If a drive is visible to one and
only one server because of zoning , then SSO isn't necessary. SSO is used
to share a single drive among multiple media servers. Each server uses it
in turn but then releases it after use to be used by a different server.
While you may be licensed for SSO, what you're describing won't need it.
You could still limit the use of
drives by each media server through multiple techniques - storage units "max
drive" setting comes to mind - so that only X number of drives are used
simultaneously per media server. You could still have it choose that X
drives from a shared pool of all your drives. I suspect your servers are
more than capable of keeping two drives busy (subject to throttling introduced
by your back-end SAN & HBA speeds).
Your storage guys are, IMO,
being too conservative.
From:
veritas-bu-bounces AT mailman.eng.auburn DOT edu
[mailto:veritas-bu-bounces AT mailman.eng.auburn DOT edu] On Behalf Of David
Turner
Sent: Tuesday, June 30, 2009 2:55 PM
To: veritas-bu AT mailman.eng.auburn DOT edu
Cc: Will Tucker
Subject: [Veritas-bu] SSO Option for LTO3 drives
I have 1 windows master running Netbackup 6.5 with 3 media
servers. I have Storagetek/Sun SL8500 with 8 LTO3 tape drives (2 drives
are dedicated via NDMP to a Netapp 3050). All drives are connected via FC to
brocade etc. we have the Shared storage option but I don’t think
it’s working properly. How can I verify that its working?

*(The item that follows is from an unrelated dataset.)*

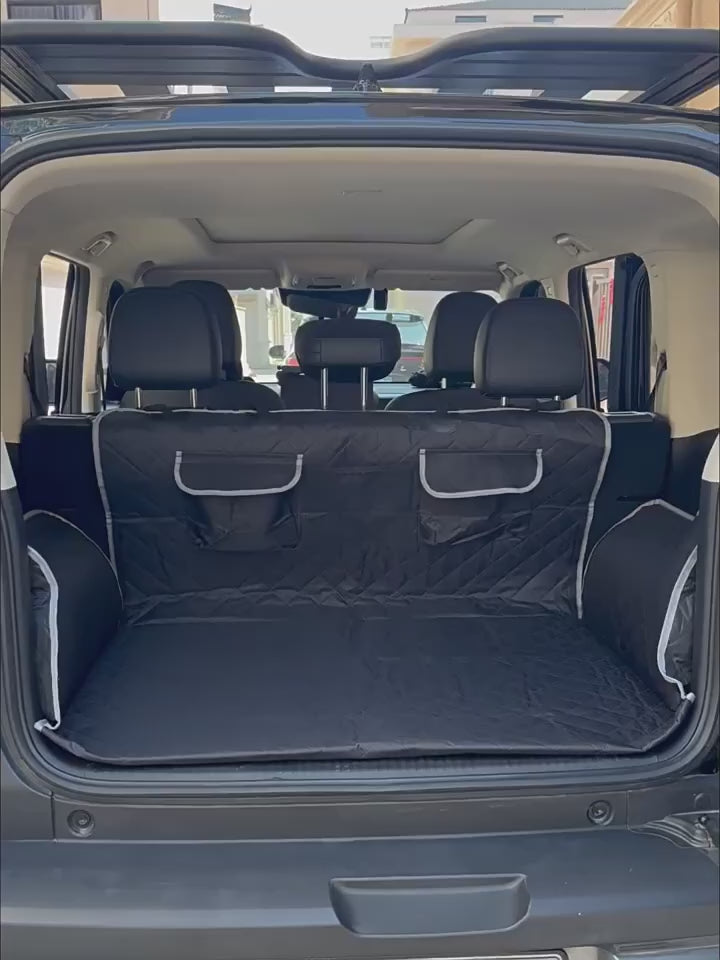 PawfectFriend Dark Gray Pet Car Trunk Cover – Waterproof, Non-Slip Backseat Protector for Dogs & Cats | Travel Comfort, Safety & Style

I believe the engineers that configured the zoning on the
switch dedicated 2 drives per server and dedicate 2 to the Netapp. Did it makes
sense to purchase SSO?
I was told you should only have 2 LTO3 drives per servers
because of “shoe shining” and the servers ability to handle more
than 2 drives (Dell 2950’s quad cores with 8gig of ram). I am wondering
if the switch should be rezoned to make use of SSO or can the zoning have an
impact on how SSO should be configured? How can these 2 play together?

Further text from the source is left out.